We've also had problems in the past with racers not getting their engines full of water. About everything that races on Saturday night these days is designed like a Chevrolet Monte Carlo that's low-slung in the front. As the radiator has been lowered over the years, it has become common for the highest point in the cooling system to be somewhere in the engine and not the radiator fill cap. If you simply fill the radiator with water, and if the top of the engine is higher than the fill point, you will trap air pockets in the engine and have serious cooling problems.
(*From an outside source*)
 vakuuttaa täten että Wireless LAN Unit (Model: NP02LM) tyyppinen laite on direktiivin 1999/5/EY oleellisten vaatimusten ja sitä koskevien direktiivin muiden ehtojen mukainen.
You can fix that by mounting what we call a surge system-basically an overflow tank-on the firewall a little higher than the engine. When you fill the coolant, fill from the surge tank. That will flow from the tank, to the radiator, and onto the engine. As long as the top of the tank is the highest point in the system, you shouldn't have a problem.
Cox Race Engines
Contrary to popular opinion, I believe that adjusting the valves should be done with the engine at room temperature whenever possible. We have run several tests, both in the shop and on the dyno, and we have found that adjusting valves on a "hot" engine isn't always ideal. During the time it takes to adjust the valve lash, or just check them, the engine cools off significantly. This change in temperature leads to a variation in component expansion and clearances. Allowing an engine to cool down for the few minutes it takes to check 16 valves can change valve lash significantly from cylinder to cylinder.
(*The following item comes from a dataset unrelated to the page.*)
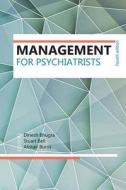 Management for Psychiatrists di Dinesh Bhugra edito da RCPsych Publications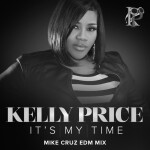 It's My Time (Mike Cruz EDM Mix), album by Kelly Price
Because of this unpredictability in temperature and component expansion, I believe the best way to check and set the valve lash is with the engine at a constant temperature-and the best way to do this is with the engine at room temperature. The general rules of thumb for adjusting at room temperature are as follows:
Cast-iron block with cast-iron heads: Adjust 0.002 looser than specs
Cast-iron block with aluminum heads: Adjust 0.004 tighter than specs
Aluminum block with aluminum heads: Adjust 0.010 tighter than specs
This is just a baseline. With a new engine, I usually check the valves at room temperature, then bring the engine up to operating temperature and check them again to verify the difference between the hot and cold lash. Now I know the difference and can make my adjustments on a "cold" engine accordingly.
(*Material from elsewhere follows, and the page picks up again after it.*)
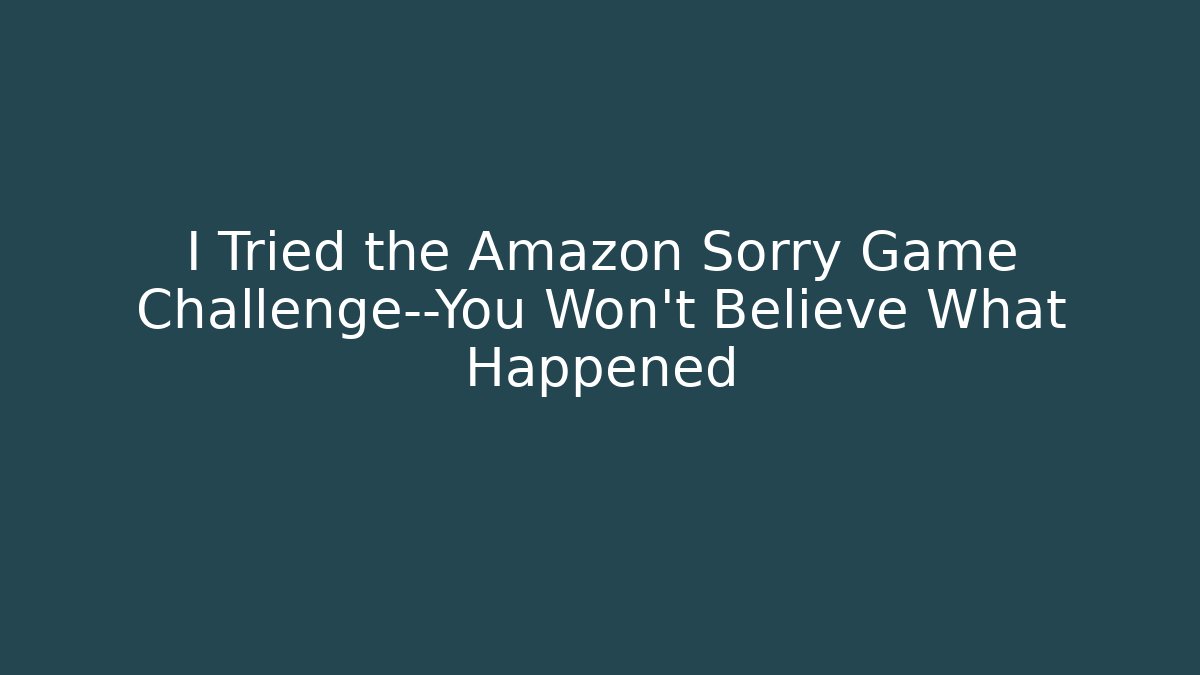 I Tried the Amazon Sorry Game Challenge—You Won't Believe What Happened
Also, on roller rockers, do not run the feeler gauge in and out in line with the roller. The roller will give you a false feeling of lash. Always run the gauge sideways when checking lash. And it's always a good idea to keep records of what valve, or valves, required adjustment during each check. This could be a telltale sign that something is about to fail.
If the valve lash is too great, a cam lobe may be failing or a roller lifter axle bearing may be worn. If the lash is too tight, it may be a sign that the seat is getting beat up or the valves are sinking in the head. All in all, it's a good way to catch a problem before it gets ugly.